If Tauranga's ageing population is going to double in the next 30 years the city needs to improve access for people over 65, local elderly people say.
The New Zealand population aged 65 and over has doubled since the early 1980s and is likely to double again by 2040, Statistics New Zealand announced today.
At 635,200, the population aged 65+ now accounts for 14 per cent of people living in New Zealand.
Figures released last year showed 22,000 people over 65 were living in Tauranga - almost 19 per cent of the total population and about 3 per cent higher than the national average.
Pensioner Frank Nicholls, 91, said if Tauranga was going to cope with an ageing population, it needed to do something about hazardous footpaths.
"We get nothing apart from the free bus service. One of the worst things for the elderly is, the council as a group can get in their cars, but the elderly are forced to get on their scooters or go on foot."
Mr Nicholls knew a number of elderly people who had tripped and fallen on Tauranga's footpaths, which he said were cracked and disgraceful.
Tom Underwood, 64, said mobility scooter access needed to be prioritised as the population got older - even at the expense of cycling tracks.
"They've got to start thinking realistically and mobility scooter access is something they have to look at."
But he added that Tauranga was "forward thinking" in many ways and the road networks had come a long way since he arrived in Tauranga almost 40 years ago.
Rates were not bad for people over 65 and Tauranga was a good place to live, he said.
Mayor Stuart Crosby said an ageing population was a "significant issue" for Tauranga and preparation had already begun.
There were many things to think about, including building access for the elderly, housing and the way information was made available.
Tauranga City Council was the first council in New Zealand to develop a framework in this area, and there were now many strategies evolving that looked at how to prepare, he said.
But the growth in people over 65 needed to be seen as more positive.
"It's not a negative issue. It's quite a positive thing that people are going to live longer, they're going to be healthier and they want to remain more active," Mr Crosby said.
Statistics New Zealand senior demographer Kim Dunstan said New Zealand's ageing population was driven largely by medical advances, improved sanitation and smaller families.

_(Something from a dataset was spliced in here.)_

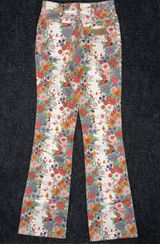 Free People x Wrangler Floral Print High Rise Bootcut Jeans 26 x 34 Western Boho Photo 0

"The baby boomers are often incorrectly described as the cause of population ageing ... but if we didn't have them we'd still have an ageing population."
Impacts of the growth would be "widespread" across almost every sector of New Zealand society including the economy, the health sector and the labour market.
But things were different for elderly people these days, thanks to better life expectancies and health care. "They're not going to necessarily stop working at age 65. The whole definition of what it means to be old is continuing to evolve."
Statistics New Zealand's 2013 figures for Tauranga will be available in October.